Can our feelings be manipulated by machines? Sure; it’s why Thomas the Tank Engine has a smile on his ‘face.’ And if a locomotive can cause us to smile, is it any wonder that a Bernie Madoff can cause us to part with our money?

Not really; our mechanics are quite simple. Knowing the “how” doesn’t take anything away from the mysterious “why” that will always be at the heart of wonder.

Are Book Titles Getting Twitter-ized?

Have you noticed the plethora of one-word nonfiction book titles lately?

The following titles are taken from the top 60 best sellers on Amazon’s list of business books. That means nearly 1/4 of the top books have one word titles. Yes, they have subtitles, but other than that, I’m being a purist, and didn’t even count titles with ‘the.’ (Like ‘The Secret,’ which has no business being on a business list anyway).

Blink, Think
Stick, Switch
Tribes, Outliers
Nudge, Sway
Linchpin, Rework
Drive, Mojo
Freefall, Aftershock

Most naturally fall into categories of opposites. For every one word title, there is an equal and opposite title, seems to be the rule.
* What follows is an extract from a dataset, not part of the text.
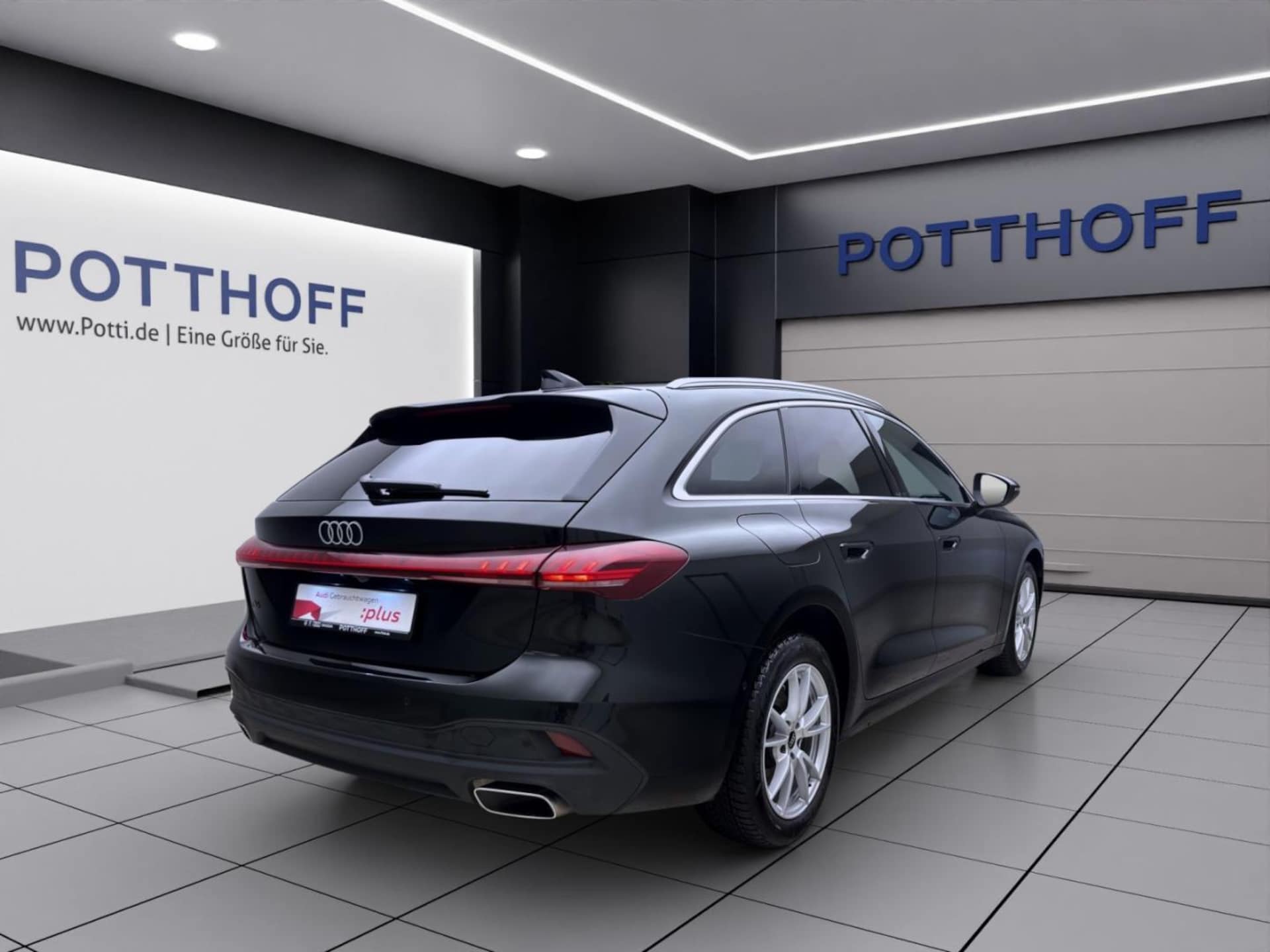 Audi A5 Avant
I can’t imagine we had this many one-word titles in recent history, and I suspect it means something.

The Curmudgeonly Interpretation: The Decline of Rome, redux

There is an obvious interpretation which appeals to modern Luddites and curmudgeons: "It’s the Twitter that done it!" You can write the rest of that post yourself.

Variations on that theme include, "Anybody who thinks he has 5000 friends doesn’t have any," and "Kids these days don’t even know their times tables."

There is another view, of course, and that is simply that the meanings of words change over time. In Jorge Luis Borges classic short story “Pierre Menard, autor del Quixote,”  , the author Menard resolves to write the greatest novel of all time. Which, as everyone knows, is Don Quixote. So after great labor, Menard triumphantly succeeds in writing Don Quixote, in its original Spanish.

But of course, the meaning of the words had changed over the centuries, hence it turned out that Menard had not written the greatest novel of all time after all; whereupon he died forlorn of disappointment (as I recall).

An awful lot of wasted energy gets expended on debates over the changing meanings of words like ‘friend.’ Too bad we don’t have the ability to just say ‘friend-like-it-meant-in-1957’ and ‘friend-like-it-meant-when-it-became-a-verb.’

Not Better or Worse, Just Different Books

Let’s just stipulate that there were some good things about the 1957-model Friend that were lost in the transition to the New Model. But the reverse is true too. With 2000 friends, you can find someone up at any hour of the night, for example. That’s non-trivial, as far as I’m concerned.

I just spent 3 hours of a 5-hour flight reading a really good old-style book called Crisis of Character: Building Corporate Reputation in the Age of Skepticism, by Peter Firestein. Not a one-word title. Because, in this case, it’s not a one-word book. (Excellent book, by the way).

Then again, I’m a Malcolm Gladwell fan; I’m not about to join the backlash against him. Blink? Outlier? Yeah, I get it, and I get it quick. Maybe I don’t have to read the whole book to ‘get it,’ but I always do anyway, because I love reading Malcolm.

Yes, I think one-word titles are different, and new, and here to stay.  And I’m sure it is all part of “the twitter,” we all have A.D.D. now, and so on. And some of that’s good, and some of that’s bad.

What it is, it’s just different.

My favorite old Greek philosopher (maybe the only one I remember) Heraclitus said, “you cannot step in the same river twice.” True dat, Heracky!